MIT Brings Planetary Futures and Post-Crisis Architecture to Palazzo Diedo for Venice Biennale
MIT’s "The Next Earth" show, presented with Antikythera at Venice’s Palazzo Diedo, is part of this year’s architecture biennale. As reported by designboom, it explores climate collapse, planetary systems, and post-crisis design thinking. The installation leans into speculative futures, blending tech, ecology, and philosophy in a space more reminiscent of a sci-fi lab than a pavilion.
That mix of ambition and abstraction is exactly what I find both fascinating and frustrating about the Biennale today. I used to go decades ago, when it still felt like art was center stage. Now, architecture often feels like it’s auditioning to be a savior of humanity—solving planetary crises, reimagining global systems, and even “reconnecting with the cosmos.” There’s beauty in the vision, but where’s the grounding?
I grew up seeing works by Luigi Colani—those wild, biomorphic design sketches from the ’70s that looked like props from a forgotten space opera. They were completely untethered from function, but at least they didn’t pretend to save the planet.
Are we still making art, or just very pretty TED Talks?
Art & Science

National Air and Space Museum Blasts Off Summer by Debuting 5 New Galleries
The Smithsonian’s National Air and Space Museum is reopening five galleries this summer as part of its long-running renovation, according to a recent piece from NBC Washington. These include “Futures in Space,” “World War I: The Birth of Military Aviation,” and the Allan and Shelley Holt Innovations Gallery. The museum also reopens its IMAX theater and unveils a fresh entrance along the National Mall. Full completion is planned for July 2026, just in time for the museum’s 50th anniversary.
I love hearing this. Not just because the exhibitions sound rich and ambitious, but because it feels like a rare bit of cultural progress during a time when arts and science are under constant pressure. Renovating a museum isn’t just about putting up walls and exhibits — it’s a signal that we still care about ideas, imagination, history, and the future.
We’re in such a retrograde moment for the arts and sciences in the U.S. that even a museum reopening feels like a small rebellion — a reminder that public knowledge and creative ambition still matter.
Would it be too much to hope this sparks more public investment in the arts, instead of just nostalgia for when we used to?
Digital Archiving and Art Preservation

Ancient Egyptian Drawing Now Theorized to Represent the Milky Way’s Great Rift
New research covered by My Modern Met and led by astrophysicist Dr.

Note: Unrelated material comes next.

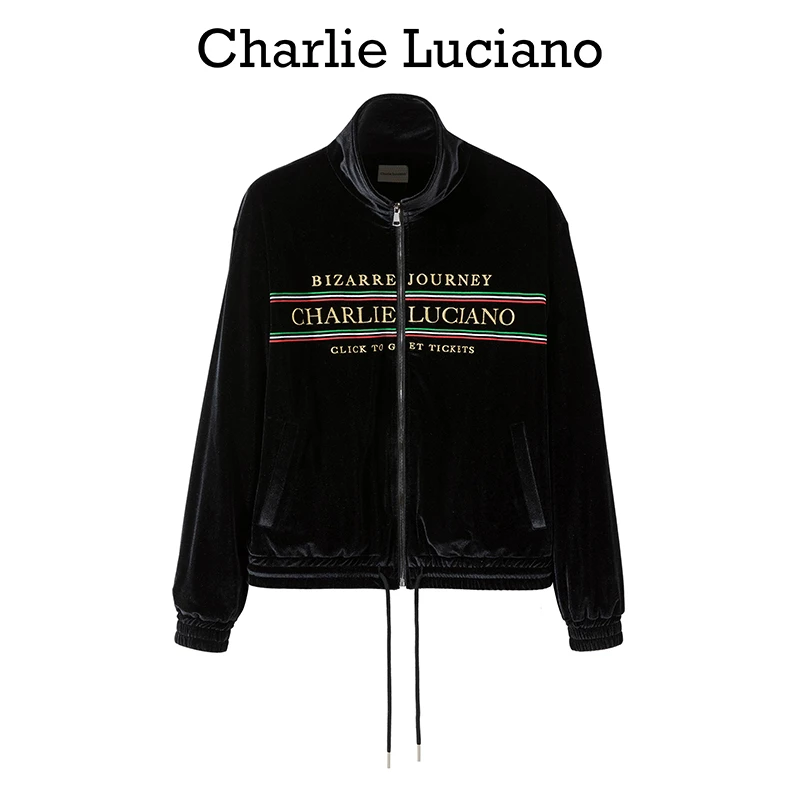 Charlie Luciano刺绣条纹标识运动夹克2025春秋新款丝绒外套男女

Or Graur suggests that ancient Egyptian depictions of the goddess Nut may represent the Milky Way’s Great Rift—a dark band of dust slicing through the galaxy. Across 555 ancient coffins, Graur noticed a zigzag design down Nut’s back that closely mirrors modern astrophotography of the Milky Way. It's a reminder that thousands of years ago, humans were already mapping the cosmos—just with paint and mythology instead of telescopes.

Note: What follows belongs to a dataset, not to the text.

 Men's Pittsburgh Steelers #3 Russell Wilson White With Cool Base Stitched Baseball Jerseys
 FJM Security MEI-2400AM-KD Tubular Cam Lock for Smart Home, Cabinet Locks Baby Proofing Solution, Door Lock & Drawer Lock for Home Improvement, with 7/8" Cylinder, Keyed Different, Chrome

This hit a personal nerve for me. I was obsessed with astronomy growing up, but living in New Jersey meant the stars were mostly lost behind an orange haze of light pollution. Even now, in Florida, I have to drive out to seriously dark places to get even a hint of that ancient sky. Imagine what the Egyptians saw—no wonder the night sky made it into their art, into their coffins.
“I think that the undulating curve represents the Milky Way,” Dr. Graur says, “and could be a representation of the Great Rift—the dark band of dust that cuts through the Milky Way’s bright band of diffused light.”

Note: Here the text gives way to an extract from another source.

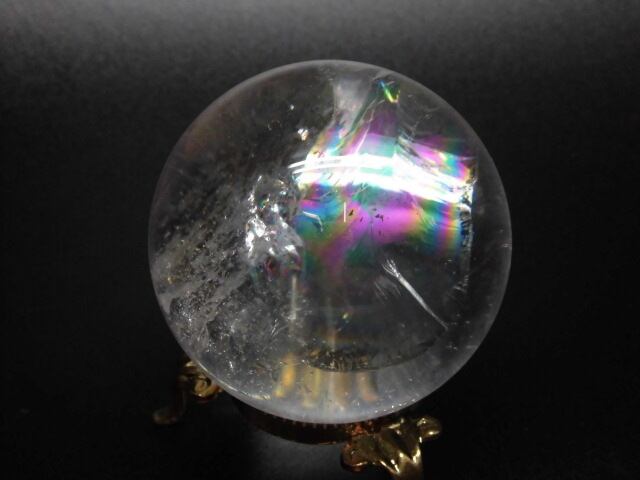 【送料無料】【高品質】59mmブラジル産天然レインボー水晶玉 no.2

How would your work change if you could see the stars the way they did—without filters, without noise, without forgetting to look up?
The Last Word
Thanks for reading and for being part of these conversations so far. Your time and engagement mean a lot, and I appreciate everyone who’s written in with thoughts or questions. While The Intersect will be quiet for a few weeks, I’ll still be reflecting on these themes and welcome any feedback or story suggestions along the way. Enjoy your summer, and I look forward to reconnecting and sharing new insights once we’re back.